A USA Today analysis of state test scores raises questions about extraordinary gains at nearly 70 schools between 2003 and 2009, but Colorado education officials do little to investigate such steep increases.

That may change as the state prepares to link growth in test scores to teacher and principal evaluations.

For example, third-graders at Aragon Elementary School in Fountain-Fort Carson School District 8 scored in the 31st percentile on the state math exam in 2005, meaning their test scores were on par with 31 percent of Colorado third-graders. A year later, in 2006, Aragon’s fourth-graders achieved at the 97th percentile in math.

The following year? Aragon fifth-graders had dropped to the 47th percentile in math in 2007.

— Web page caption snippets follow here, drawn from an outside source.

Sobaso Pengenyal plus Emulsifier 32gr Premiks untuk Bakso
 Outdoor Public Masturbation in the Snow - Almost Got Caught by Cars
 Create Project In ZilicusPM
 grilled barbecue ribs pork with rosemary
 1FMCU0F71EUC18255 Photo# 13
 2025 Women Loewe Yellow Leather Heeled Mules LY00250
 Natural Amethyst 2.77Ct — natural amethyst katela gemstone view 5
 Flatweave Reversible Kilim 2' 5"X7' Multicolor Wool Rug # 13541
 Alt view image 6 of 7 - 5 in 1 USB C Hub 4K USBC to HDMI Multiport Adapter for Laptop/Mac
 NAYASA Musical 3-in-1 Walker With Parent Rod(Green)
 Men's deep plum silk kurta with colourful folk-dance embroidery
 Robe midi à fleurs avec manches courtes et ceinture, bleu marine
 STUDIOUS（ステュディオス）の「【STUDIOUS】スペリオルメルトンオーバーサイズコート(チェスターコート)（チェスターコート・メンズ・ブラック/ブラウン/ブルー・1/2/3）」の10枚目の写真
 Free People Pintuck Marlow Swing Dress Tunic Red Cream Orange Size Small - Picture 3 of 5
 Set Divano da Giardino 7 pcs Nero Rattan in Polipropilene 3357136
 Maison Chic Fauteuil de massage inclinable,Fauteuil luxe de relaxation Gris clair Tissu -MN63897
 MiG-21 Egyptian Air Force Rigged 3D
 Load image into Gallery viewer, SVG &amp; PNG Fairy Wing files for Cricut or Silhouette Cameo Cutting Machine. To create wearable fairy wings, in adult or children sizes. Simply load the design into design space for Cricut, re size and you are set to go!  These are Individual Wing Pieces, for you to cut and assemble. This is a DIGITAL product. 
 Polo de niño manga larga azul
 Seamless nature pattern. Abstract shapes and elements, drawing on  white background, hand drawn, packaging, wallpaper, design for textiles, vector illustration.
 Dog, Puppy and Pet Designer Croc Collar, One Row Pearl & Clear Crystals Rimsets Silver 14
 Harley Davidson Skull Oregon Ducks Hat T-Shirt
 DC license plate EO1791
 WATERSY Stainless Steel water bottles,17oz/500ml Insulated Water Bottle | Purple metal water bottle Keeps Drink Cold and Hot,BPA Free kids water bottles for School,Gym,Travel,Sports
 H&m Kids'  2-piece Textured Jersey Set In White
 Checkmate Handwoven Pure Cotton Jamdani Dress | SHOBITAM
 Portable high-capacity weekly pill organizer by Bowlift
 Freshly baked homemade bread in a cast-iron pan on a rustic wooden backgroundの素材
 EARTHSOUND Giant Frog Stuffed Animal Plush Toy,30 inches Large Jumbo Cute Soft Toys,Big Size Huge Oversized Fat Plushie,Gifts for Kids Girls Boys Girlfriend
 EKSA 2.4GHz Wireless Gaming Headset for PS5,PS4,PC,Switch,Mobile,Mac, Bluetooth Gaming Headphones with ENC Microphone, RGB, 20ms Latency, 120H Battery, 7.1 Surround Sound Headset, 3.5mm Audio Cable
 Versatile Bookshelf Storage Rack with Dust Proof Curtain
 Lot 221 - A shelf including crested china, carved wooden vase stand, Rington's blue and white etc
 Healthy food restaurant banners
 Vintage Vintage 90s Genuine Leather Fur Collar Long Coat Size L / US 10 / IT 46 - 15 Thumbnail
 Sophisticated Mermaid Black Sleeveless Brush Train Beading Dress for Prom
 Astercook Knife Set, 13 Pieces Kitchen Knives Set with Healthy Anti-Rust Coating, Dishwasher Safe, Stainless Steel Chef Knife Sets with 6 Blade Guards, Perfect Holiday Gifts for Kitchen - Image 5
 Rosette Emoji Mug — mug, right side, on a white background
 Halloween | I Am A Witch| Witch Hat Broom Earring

Such fluctuations may be the result of top-notch teaching or they may raise suspicions of cheating – but state officials make comparatively little effort to find out. Colorado, unlike some other states whose test scores were part of the USA Today analysis, does not pay for the standard cheating detection software available as part of its $83 million contract with testing company CTB/McGraw-Hill for years 2007-2011.

And while Jo O’Brien, associate commissioner for accountability at the Colorado Department of Education, said the state conducts its own analysis of statistical variations in test results, it did not flag the changes at Aragon.

Nor did it detect other examples of extraordinary gains found in the USA Today analysis:

  • Third-graders at Trails West Elementary in the Cherry Creek School District achieved at the 30th percentile on the 2008 reading test. A year later, fourth-graders at Trails West achieved at the 76th percentile in reading.
  • At Bradley Elementary in Denver Public Schools, fourth-graders taking the state exams, known as CSAPs, in math in 2006 scored at the 11th percentile. A year later, fifth-graders at Bradley achieved at the 73rd percentile on state math tests.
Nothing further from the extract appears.